Records for processing:
○ ○ ○ ○ ○ ○ ○

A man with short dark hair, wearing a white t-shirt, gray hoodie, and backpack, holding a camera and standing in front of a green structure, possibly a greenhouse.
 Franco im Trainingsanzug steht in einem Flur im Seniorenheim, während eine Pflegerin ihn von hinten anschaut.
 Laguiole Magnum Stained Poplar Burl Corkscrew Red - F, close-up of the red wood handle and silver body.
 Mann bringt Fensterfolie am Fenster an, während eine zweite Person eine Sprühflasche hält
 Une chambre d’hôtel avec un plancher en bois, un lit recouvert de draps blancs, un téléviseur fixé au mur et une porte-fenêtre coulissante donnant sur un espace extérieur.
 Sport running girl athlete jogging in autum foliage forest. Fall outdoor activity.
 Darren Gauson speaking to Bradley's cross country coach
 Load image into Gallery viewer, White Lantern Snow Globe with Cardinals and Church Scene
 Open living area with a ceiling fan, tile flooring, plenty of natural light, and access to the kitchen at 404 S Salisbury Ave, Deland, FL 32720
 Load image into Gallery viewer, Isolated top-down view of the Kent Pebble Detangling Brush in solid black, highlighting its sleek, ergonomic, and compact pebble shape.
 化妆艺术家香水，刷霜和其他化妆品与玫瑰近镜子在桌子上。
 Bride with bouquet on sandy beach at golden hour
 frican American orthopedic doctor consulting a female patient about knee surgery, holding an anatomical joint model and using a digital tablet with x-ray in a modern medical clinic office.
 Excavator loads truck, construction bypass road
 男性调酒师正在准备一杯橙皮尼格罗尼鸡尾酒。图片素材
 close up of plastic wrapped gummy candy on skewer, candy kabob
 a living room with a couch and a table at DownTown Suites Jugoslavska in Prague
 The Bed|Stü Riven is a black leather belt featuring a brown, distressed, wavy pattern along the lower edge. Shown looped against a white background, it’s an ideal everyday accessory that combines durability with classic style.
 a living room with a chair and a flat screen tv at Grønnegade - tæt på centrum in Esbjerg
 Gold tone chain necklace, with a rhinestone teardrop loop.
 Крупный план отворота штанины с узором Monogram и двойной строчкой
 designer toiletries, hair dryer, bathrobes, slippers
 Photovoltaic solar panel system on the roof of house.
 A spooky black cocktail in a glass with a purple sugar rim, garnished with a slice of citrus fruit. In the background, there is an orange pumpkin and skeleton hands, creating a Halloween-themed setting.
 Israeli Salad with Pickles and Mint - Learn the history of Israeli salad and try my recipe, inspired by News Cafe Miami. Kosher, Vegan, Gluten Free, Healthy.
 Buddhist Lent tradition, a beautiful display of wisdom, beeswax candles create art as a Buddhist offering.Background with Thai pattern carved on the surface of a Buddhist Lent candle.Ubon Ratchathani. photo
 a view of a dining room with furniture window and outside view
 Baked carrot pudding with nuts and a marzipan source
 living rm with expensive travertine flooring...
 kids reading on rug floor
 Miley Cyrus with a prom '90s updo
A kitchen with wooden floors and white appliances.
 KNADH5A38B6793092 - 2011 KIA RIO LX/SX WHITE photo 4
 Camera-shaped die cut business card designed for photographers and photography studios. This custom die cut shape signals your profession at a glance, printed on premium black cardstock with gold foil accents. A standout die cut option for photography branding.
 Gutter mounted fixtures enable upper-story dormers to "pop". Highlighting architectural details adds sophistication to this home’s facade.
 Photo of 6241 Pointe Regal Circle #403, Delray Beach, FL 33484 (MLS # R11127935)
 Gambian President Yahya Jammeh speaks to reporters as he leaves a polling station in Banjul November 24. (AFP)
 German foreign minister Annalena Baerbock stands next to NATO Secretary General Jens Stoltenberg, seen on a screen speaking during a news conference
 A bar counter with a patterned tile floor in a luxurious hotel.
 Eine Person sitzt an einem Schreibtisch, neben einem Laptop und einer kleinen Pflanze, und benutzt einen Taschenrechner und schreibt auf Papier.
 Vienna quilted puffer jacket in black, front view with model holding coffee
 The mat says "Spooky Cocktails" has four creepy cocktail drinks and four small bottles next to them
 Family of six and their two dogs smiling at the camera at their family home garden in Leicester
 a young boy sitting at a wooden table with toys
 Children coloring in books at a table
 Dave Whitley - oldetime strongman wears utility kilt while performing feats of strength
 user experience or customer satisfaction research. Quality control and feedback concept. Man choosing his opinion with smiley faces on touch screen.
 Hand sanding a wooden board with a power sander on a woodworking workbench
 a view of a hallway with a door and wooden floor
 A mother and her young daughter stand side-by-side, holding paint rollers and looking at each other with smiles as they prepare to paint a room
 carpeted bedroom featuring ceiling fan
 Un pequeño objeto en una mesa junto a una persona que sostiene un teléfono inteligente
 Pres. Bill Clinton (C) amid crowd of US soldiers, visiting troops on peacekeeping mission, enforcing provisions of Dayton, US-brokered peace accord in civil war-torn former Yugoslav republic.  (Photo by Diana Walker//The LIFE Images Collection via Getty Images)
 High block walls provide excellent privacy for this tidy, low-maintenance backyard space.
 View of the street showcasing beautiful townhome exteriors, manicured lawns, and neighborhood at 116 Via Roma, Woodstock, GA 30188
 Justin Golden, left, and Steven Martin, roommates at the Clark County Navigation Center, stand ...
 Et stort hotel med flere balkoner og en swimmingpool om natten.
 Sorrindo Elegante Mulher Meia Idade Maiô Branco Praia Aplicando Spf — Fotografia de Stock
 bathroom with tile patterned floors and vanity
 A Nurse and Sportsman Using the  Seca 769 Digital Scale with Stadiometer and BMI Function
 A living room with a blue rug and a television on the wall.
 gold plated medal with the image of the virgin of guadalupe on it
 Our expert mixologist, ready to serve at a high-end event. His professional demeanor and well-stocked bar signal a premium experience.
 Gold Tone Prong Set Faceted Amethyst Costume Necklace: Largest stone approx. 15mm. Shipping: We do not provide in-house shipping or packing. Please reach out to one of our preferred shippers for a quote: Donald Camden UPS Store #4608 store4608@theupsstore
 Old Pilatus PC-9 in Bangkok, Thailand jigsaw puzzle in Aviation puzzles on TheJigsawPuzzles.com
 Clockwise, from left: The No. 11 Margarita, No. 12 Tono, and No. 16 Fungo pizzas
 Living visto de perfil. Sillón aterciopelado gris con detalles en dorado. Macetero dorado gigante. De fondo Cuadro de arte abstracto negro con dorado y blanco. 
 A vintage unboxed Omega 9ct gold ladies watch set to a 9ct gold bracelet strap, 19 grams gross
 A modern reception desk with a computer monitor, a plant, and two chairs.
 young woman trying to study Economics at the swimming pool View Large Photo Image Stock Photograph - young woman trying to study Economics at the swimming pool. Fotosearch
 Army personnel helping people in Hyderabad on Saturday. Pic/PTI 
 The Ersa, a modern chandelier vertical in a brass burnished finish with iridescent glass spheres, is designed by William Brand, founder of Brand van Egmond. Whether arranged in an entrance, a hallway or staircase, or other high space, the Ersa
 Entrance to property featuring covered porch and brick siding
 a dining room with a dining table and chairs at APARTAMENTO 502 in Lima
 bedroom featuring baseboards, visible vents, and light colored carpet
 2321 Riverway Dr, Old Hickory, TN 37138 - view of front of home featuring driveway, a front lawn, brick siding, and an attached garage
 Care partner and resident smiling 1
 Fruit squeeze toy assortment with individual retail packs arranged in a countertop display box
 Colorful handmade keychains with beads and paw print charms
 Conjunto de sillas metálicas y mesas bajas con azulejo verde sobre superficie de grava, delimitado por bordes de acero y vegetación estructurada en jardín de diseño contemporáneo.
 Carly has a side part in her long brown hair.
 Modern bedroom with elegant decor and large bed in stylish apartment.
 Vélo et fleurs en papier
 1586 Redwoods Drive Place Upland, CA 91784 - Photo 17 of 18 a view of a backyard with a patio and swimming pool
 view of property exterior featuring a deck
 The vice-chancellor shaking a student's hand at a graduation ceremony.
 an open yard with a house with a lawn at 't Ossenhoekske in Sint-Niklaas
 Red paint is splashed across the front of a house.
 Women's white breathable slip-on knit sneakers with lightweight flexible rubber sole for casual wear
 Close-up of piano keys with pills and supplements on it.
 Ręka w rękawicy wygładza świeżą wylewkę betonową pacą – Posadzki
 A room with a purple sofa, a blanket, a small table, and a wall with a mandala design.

○ ○ ○ ○ ○ ○ ○

Lines from the top of the data above through the line containing "Open living area" must be repeated exactly. All other lines stay out.

Response to the exercise:
A man with short dark hair, wearing a white t-shirt, gray hoodie, and backpack, holding a camera and standing in front of a green structure, possibly a greenhouse.
 Franco im Trainingsanzug steht in einem Flur im Seniorenheim, während eine Pflegerin ihn von hinten anschaut.
 Laguiole Magnum Stained Poplar Burl Corkscrew Red - F, close-up of the red wood handle and silver body.
 Mann bringt Fensterfolie am Fenster an, während eine zweite Person eine Sprühflasche hält
 Une chambre d’hôtel avec un plancher en bois, un lit recouvert de draps blancs, un téléviseur fixé au mur et une porte-fenêtre coulissante donnant sur un espace extérieur.
 Sport running girl athlete jogging in autum foliage forest. Fall outdoor activity.
 Darren Gauson speaking to Bradley's cross country coach
 Load image into Gallery viewer, White Lantern Snow Globe with Cardinals and Church Scene
 Open living area with a ceiling fan, tile flooring, plenty of natural light, and access to the kitchen at 404 S Salisbury Ave, Deland, FL 32720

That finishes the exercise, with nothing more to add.